Devlog: Groovematch (AI)

Intro

Machine learning is a subject that always caught my interest. Computers making decisions on their own, how cool is that? At first, I was totally baffled at how that was possible - what kind of complicated code do you have to write to accomplish machine learning-related tasks?

Up to this point, I worked with ML in academic and research environments. I felt that through the few projects I worked on in both areas, I had gained enough experience to start work on my own ML project.

Looking around for datasets, a couple caught my eye containing many Spotify songs and their properties.1 What interested me the most about them, though, was that they had columns for audio features, including genre, energy, acousticness, and instrumentalness.

That led me to an idea: a music recommendation service that would take in a user’s song(s) of choice, and recommend songs with similar audio features. It’s a generic idea, and it was done by many in the past, but I figured it would be a great opportunity to educate myself further on the ML engineering process.

Starting off

Data processing

Luckily for me, both of these datasets have a wide variety of songs encompassing many genres. I also considered the fact that I might want to fetch songs from my own playlists, and maybe even ask my friends if they want to contribute.

I started off by using Python and the pandas library to write a few functions handling merging datasets.

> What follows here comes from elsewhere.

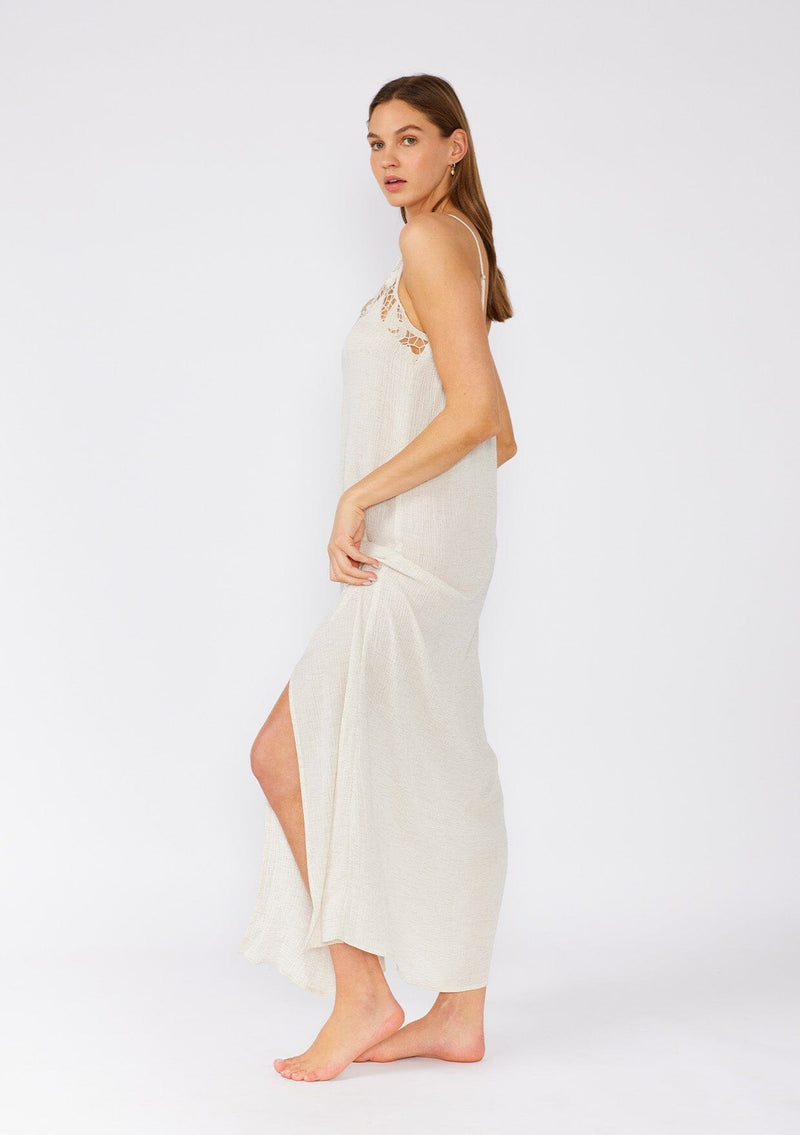 [Color: Natural] A side facing image of a brunette model wearing a classic off white maxi slip dress with lace detail along the neckline. With adjustable spaghetti straps, a scooped neckline, and a long flowy skirt with side slits.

I started by defining a function to merge an existing csv dataset of Spotify songs with a “master” dataset, to be used in model training:

MASTER_DATASET_FILE = 'master.csv'

def import_csv_from_file(
    file_path: str, 
    cols=['track_id', 'track_name', 'artist', 'popularity', 'danceability',
          'energy', 'loudness', 'speechiness', 'acousticness', 'instrumentalness',
          'liveness', 'valence', 'genre']
):
    dataset_new = pd.read_csv(file_path, usecols=cols)
    dataset_master = pd.read_csv(MASTER_DATASET_FILE)
    updated = pd.concat([dataset_new, dataset_master])
    updated.to_csv(MASTER_DATASET_FILE, index=False)

This worked pretty well; the only possible issue was that different Spotify datasets may have the columns named differently. As a result, I had to manually rename the columns before running the code. In some cases, they may be ordered differently, too, but pandas’s concat function handled their intersection well, regardless of order.

I also wrote a script to handle removal of duplicates, since both of these datasets have some overlapping songs. Utilizing pandas’s drop_duplicates function, these were handled firstly by identical Spotify URIs (their track IDs), then by identical artist and track name pairs.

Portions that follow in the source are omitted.